*Data records:*

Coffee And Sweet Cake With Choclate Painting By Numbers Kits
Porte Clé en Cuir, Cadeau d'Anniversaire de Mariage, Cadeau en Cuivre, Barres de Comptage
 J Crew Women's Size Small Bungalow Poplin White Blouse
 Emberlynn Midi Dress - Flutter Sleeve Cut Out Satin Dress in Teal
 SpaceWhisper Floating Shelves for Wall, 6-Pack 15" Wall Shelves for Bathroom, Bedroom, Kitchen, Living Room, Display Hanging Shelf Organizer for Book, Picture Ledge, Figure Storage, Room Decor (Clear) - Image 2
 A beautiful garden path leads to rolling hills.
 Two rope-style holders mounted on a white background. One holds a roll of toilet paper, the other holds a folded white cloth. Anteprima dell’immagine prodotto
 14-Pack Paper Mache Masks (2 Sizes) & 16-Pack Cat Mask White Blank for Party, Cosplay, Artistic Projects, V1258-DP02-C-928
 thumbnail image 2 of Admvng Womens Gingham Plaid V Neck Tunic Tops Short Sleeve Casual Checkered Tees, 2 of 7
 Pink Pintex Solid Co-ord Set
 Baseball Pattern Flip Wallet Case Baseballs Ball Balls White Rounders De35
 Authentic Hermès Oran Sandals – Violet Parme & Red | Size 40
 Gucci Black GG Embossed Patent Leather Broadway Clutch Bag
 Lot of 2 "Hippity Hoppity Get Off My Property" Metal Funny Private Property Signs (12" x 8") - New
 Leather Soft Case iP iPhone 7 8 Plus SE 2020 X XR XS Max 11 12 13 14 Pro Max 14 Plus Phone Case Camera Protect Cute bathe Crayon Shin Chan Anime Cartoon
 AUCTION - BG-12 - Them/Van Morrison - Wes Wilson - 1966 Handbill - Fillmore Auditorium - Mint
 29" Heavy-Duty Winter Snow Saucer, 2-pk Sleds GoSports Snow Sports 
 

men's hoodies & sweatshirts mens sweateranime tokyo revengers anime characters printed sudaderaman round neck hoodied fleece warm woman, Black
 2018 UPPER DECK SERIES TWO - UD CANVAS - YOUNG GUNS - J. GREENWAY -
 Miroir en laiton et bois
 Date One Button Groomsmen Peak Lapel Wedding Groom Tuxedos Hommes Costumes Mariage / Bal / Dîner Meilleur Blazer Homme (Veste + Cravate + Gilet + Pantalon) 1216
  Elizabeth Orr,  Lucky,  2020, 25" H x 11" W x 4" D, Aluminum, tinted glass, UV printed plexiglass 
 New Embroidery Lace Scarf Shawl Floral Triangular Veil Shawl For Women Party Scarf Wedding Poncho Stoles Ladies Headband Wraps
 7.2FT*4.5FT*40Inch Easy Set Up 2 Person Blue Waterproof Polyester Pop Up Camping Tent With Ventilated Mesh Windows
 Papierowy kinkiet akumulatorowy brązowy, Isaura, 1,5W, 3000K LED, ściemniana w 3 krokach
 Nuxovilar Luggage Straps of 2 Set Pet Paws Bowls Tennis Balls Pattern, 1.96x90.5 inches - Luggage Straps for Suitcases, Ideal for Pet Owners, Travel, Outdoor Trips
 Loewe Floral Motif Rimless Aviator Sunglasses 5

*Exercise:* Restate the data verbatim through the "Emberlynn Midi Dress" line.

*Output:*
Coffee And Sweet Cake With Choclate Painting By Numbers Kits
Porte Clé en Cuir, Cadeau d'Anniversaire de Mariage, Cadeau en Cuivre, Barres de Comptage
 J Crew Women's Size Small Bungalow Poplin White Blouse
 Emberlynn Midi Dress - Flutter Sleeve Cut Out Satin Dress in Teal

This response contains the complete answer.